Das deutsche Python-Forum

Hallo miteinader
ich habe zwei file im gleichen Ordner abgelegt, hyphenator.py und translate.py. Nun möchte aus der hyphenator.py datei die Klasse Hyphenator benutzen, wie importiere die Klassen.

Code: Alles auswählen

from hyphenator import Hyphenator
h = Hyphenator("hyph_de_CH.dic")

erhalte aber die Meldung.

Code: Alles auswählen

Traceback (most recent call last):
  File "<string>", line 238, in <fragment>
Syntax Error:         print i: hyphenator.py, line 23815

Das Importieren hat geklappt, ist halt ein Fehler in hyphenator.py. Du benutzt nicht zufaellig Python 3, wo print kein Statement mehr ist?

Genau, ich benutze python 3 und das war der Fehler.
Und noch eine Frage was eine <huge dict 0xcf90c0> Dictionaries.?

kostonstyle hat geschrieben: Und noch eine Frage was eine <huge dict 0xcf90c0> Dictionaries.?

Wo taucht das auf?

@Fehler: Wenn bei dem gezeigten Code-Snippet tatsächlich ein print() aufgerufen wird, solltest Du das ändern

Beim Importieren und Anlegen von Objekten ist das wenig sinnvoll und eher unerwünscht.

siehe Bild

Hyperion hat geschrieben: @Fehler: Wenn bei dem gezeigten Code-Snippet tatsächlich ein print() aufgerufen wird, solltest Du das ändern Beim Importieren und Anlegen von Objekten ist das wenig sinnvoll und eher unerwünscht.

Das hat damit nichts zu tun. Syntaxfehler werden immer gefunden, auch wenn der Code nicht ausgeführt wird.

Ich meinte eher den Source-Code ...

Sieht halt nach einem Datentypen aus! Wenn Du mehr wissen willst, solltest Du gucken, wie "patterns" initialisiert wird.

jbs hat geschrieben:
Hyperion hat geschrieben: @Fehler: Wenn bei dem gezeigten Code-Snippet tatsächlich ein print() aufgerufen wird, solltest Du das ändern Beim Importieren und Anlegen von Objekten ist das wenig sinnvoll und eher unerwünscht.
Das hat damit nichts zu tun. Syntaxfehler werden immer gefunden, auch wenn der Code nicht ausgeführt wird.

Stimmt - sorry

Der Code sieht so aus

Code: Alles auswählen

"""

This is a Pure Python module to hyphenate text.

It is inspired by Ruby's Text::Hyphen, but currently reads standard *.dic files,
that must be installed separately.

In the future it's maybe nice if dictionaries could be distributed together with
this module, in a slightly prepared form, like in Ruby's Text::Hyphen.
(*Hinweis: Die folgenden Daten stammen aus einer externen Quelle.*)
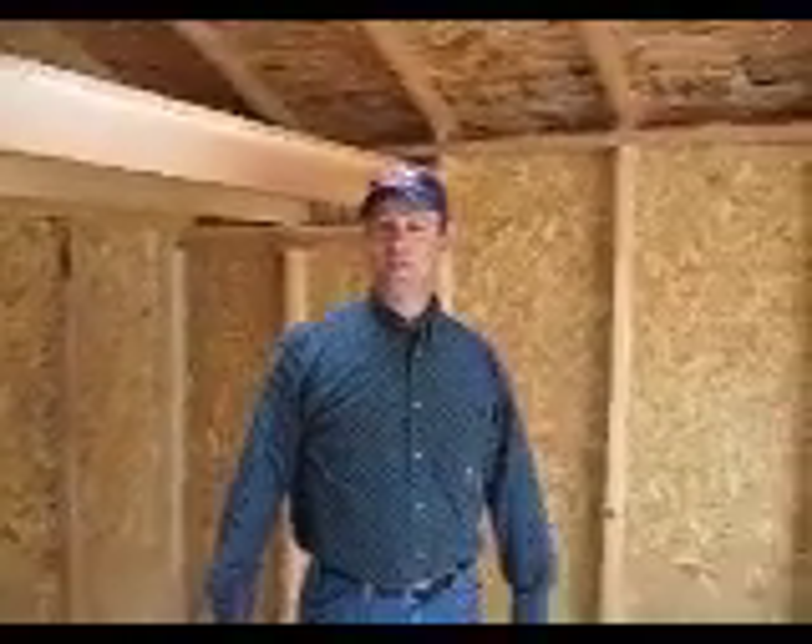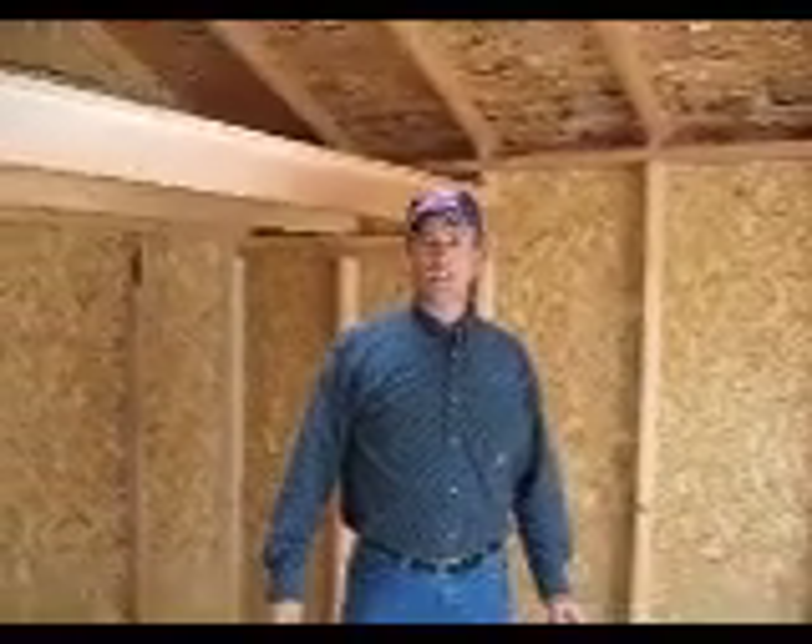We're Idaho Woodsheds, 888-1090, Meridian, Idaho, that's IdahoWoodsheds.com.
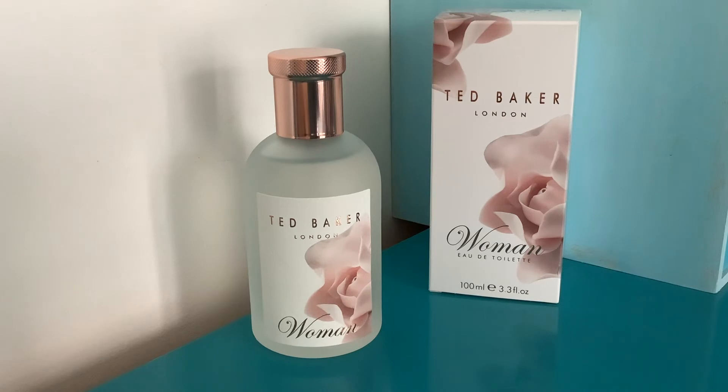Top notes: bergamot, lemon, rum, peach, tangerine, and apple. Middle notes: freesia, lily, jasmine, ylang-ylang, and cinnamon. Base notes: vetiver, musk, and vanilla. This one definitely has a slightly odd and I would say 80s vibe when you first spray it.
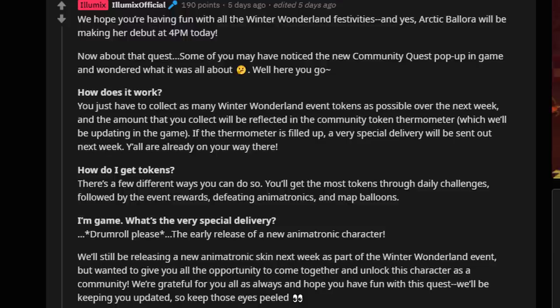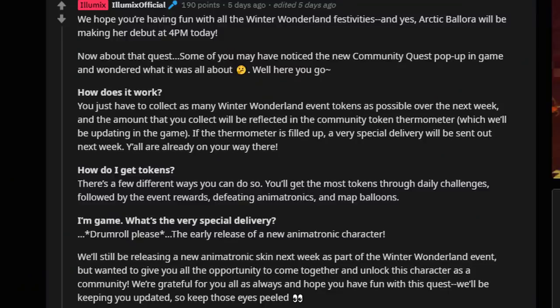How do you get tokens? You'll get most through daily challenges, followed by event rewards, defeating animatronics, and map balloons. The very special delivery is the early release of a new animatronic character — we do know who that is and will talk about it shortly. He's in the title and thumbnail, so you probably already know. Alumix will still be releasing a new animatronic skin next week as part of the Winter Wonderland event, but wanted to give the community the opportunity to unlock this character together. We were like three bars away when this was posted five days ago.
Wilbert Berendsen, March 2008
info@wilbertberendsen.nl

License: LGPL.

"""

import sys
import re

__all__ = ("Hyphenator")

# cache of per-file Hyph_dict objects
hdcache = {}

# precompile some stuff
parse_hex = re.compile(r'\^{2}([0-9a-f]{2})').sub
parse = re.compile(r'(\d?)(\D?)').findall

def hexrepl(matchObj):
    return unichr(int(matchObj.group(1), 16))


class parse_alt(object):
    """
    Parse nonstandard hyphen pattern alternative.
    The instance returns a special int with data about the current position
    in the pattern when called with an odd value.
    """
    def __init__(self, pat, alt):
        alt = alt.split(',')
        self.change = alt[0]
        if len(alt) > 2:
            self.index = int(alt[1])
            self.cut = int(alt[2]) + 1
        else:
            self.index = 1
            self.cut = len(re.sub(r'[\d\.]', '', pat)) + 1
        if pat.startswith('.'):
            self.index += 1

    def __call__(self, val):
        self.index -= 1
        val = int(val)
        if val & 1:
            return dint(val, (self.change, self.index, self.cut))
        else:
            return val


class dint(int):
    """
    Just an int some other data can be stuck to in a data attribute.
    Call with ref=other to use the data from the other dint.
    """
    def __new__(cls, value, data=None, ref=None):
        obj = int.__new__(cls, value)
        if ref and type(ref) == dint:
            obj.data = ref.data
        else:
            obj.data = data
        return obj


class Hyph_dict(object):
    """
    Reads a hyph_*.dic file and stores the hyphenation patterns.
    Parameters:
    -filename : filename of hyph_*.dic to read
    """
    def __init__(self, filename):
        self.patterns = {}
        f = open(filename)
        #charset = f.readline().strip()
        #if charset.startswith('charset '):
        #    charset = charset[8:].strip()

        for pat in f:
            #pat = pat.decode(charset).strip()
            pat = pat.strip()
            if not pat or pat[0] == '%': continue
            # replace ^^hh with the real character
            pat = parse_hex(hexrepl, pat)
            # read nonstandard hyphen alternatives
            if '/' in pat:
                pat, alt = pat.split('/', 1)
                factory = parse_alt(pat, alt)
            else:
                factory = int
            tag, value = zip(*[(s, factory(i or "0")) for i, s in parse(pat)])
            # if only zeros, skip this pattern
            if max(value) == 0: continue
            # chop zeros from beginning and end, and store start offset.
            start, end = 0, len(value)
            while not value[start]: start += 1
            while not value[end-1]: end -= 1
            self.patterns[''.join(tag)] = start, value[start:end]
        f.close()
        self.cache = {}
        self.maxlen = max(map(len, self.patterns.keys()))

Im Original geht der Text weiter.